Assigned task:
All of the data goes into your copy exactly as written. Images do not.

Data:

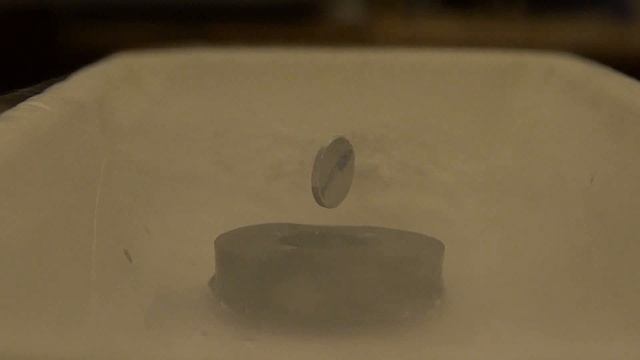 Superconductor 1080p смотреть онлайн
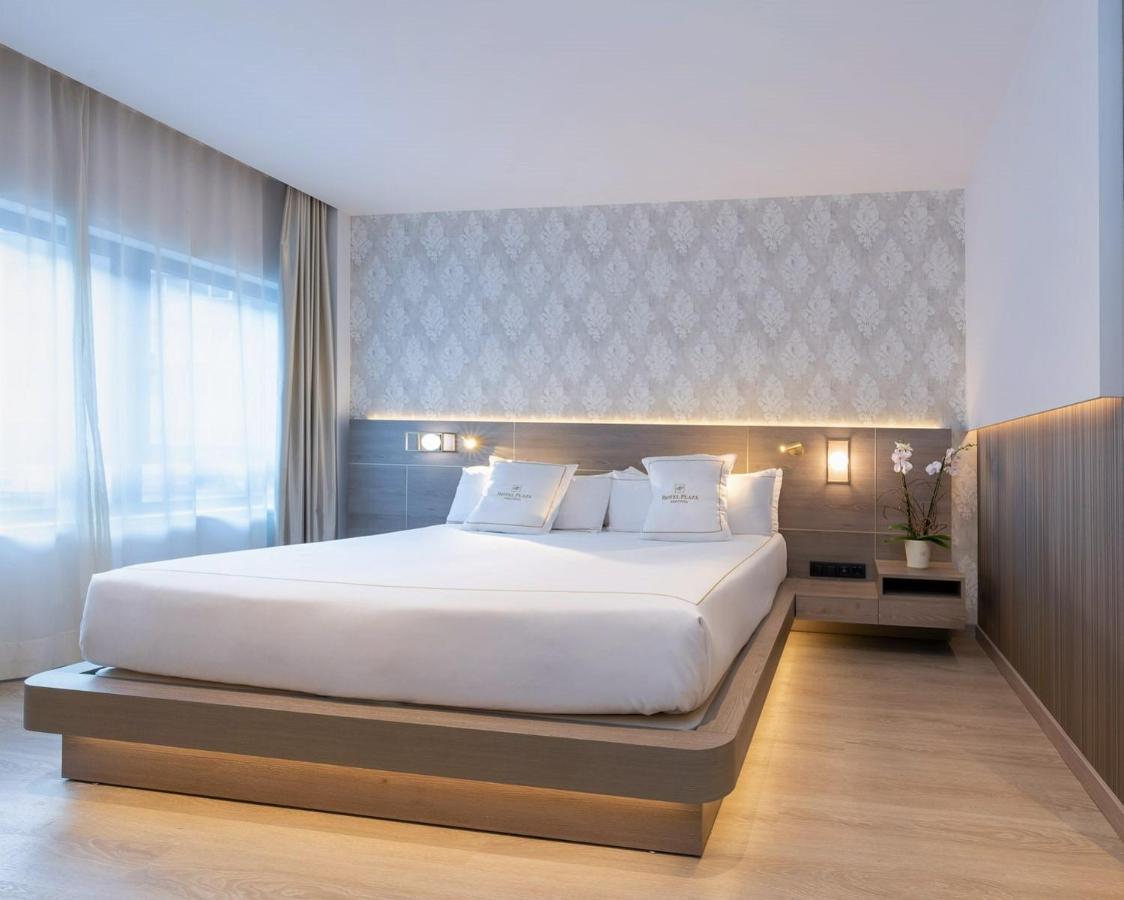 Premier Double Room,1381601711:JPEG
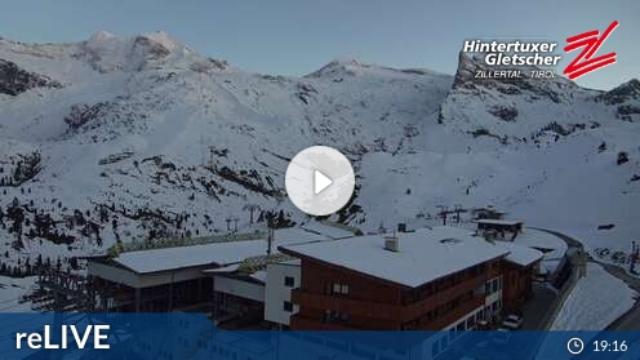 WebCam showing current Snow conditions in Hintertux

Reply:
 Superconductor 1080p смотреть онлайн
 Premier Double Room,1381601711:JPEG
 WebCam showing current Snow conditions in Hintertux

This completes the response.